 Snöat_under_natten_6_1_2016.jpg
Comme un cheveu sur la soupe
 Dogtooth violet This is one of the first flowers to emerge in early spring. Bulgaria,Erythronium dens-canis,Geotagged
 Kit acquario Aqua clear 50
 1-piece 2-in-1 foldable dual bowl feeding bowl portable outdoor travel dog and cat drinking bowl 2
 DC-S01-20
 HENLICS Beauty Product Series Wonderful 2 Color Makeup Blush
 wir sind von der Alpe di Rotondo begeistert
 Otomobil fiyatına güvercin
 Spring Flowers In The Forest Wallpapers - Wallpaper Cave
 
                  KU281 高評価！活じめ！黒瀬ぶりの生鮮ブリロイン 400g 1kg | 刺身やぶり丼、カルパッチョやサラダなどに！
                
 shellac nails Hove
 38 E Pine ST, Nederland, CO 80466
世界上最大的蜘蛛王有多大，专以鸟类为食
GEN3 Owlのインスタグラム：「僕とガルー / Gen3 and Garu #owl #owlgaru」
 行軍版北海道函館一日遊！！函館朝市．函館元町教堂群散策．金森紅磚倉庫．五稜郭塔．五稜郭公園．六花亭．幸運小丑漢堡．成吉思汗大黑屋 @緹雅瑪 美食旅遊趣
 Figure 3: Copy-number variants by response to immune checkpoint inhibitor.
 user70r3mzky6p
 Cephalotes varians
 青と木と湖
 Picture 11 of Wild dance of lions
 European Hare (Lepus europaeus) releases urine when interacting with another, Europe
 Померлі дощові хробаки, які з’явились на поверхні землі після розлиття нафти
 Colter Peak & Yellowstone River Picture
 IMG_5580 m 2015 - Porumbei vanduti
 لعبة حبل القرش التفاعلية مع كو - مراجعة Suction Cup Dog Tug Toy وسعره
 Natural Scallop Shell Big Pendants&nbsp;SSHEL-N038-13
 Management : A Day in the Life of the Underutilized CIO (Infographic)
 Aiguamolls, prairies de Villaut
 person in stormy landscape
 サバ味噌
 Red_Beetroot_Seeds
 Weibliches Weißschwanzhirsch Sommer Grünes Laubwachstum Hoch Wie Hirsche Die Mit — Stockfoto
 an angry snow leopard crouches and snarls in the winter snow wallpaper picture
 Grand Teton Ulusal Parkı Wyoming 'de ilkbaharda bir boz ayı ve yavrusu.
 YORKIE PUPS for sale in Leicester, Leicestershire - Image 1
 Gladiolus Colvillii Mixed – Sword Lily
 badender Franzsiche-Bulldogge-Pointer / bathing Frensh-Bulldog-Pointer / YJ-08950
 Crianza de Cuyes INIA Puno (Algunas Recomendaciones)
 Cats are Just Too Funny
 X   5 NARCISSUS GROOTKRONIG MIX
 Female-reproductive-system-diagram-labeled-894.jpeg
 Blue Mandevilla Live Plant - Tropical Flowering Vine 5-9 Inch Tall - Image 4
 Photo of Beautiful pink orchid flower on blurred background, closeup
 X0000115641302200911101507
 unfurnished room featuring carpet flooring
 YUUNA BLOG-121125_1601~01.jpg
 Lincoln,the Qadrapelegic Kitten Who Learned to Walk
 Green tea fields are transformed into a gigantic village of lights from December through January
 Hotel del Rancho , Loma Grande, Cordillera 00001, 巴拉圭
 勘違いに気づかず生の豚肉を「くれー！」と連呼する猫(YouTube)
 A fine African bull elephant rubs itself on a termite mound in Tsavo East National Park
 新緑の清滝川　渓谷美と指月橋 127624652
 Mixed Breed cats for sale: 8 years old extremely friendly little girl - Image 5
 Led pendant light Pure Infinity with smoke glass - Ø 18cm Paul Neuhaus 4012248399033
+ + + + +
## To do
The lines sought are those in the data above that include the string "Image"; copy each one.

## Solved problem
 YORKIE PUPS for sale in Leicester, Leicestershire - Image 1
 Blue Mandevilla Live Plant - Tropical Flowering Vine 5-9 Inch Tall - Image 4
 Mixed Breed cats for sale: 8 years old extremely friendly little girl - Image 5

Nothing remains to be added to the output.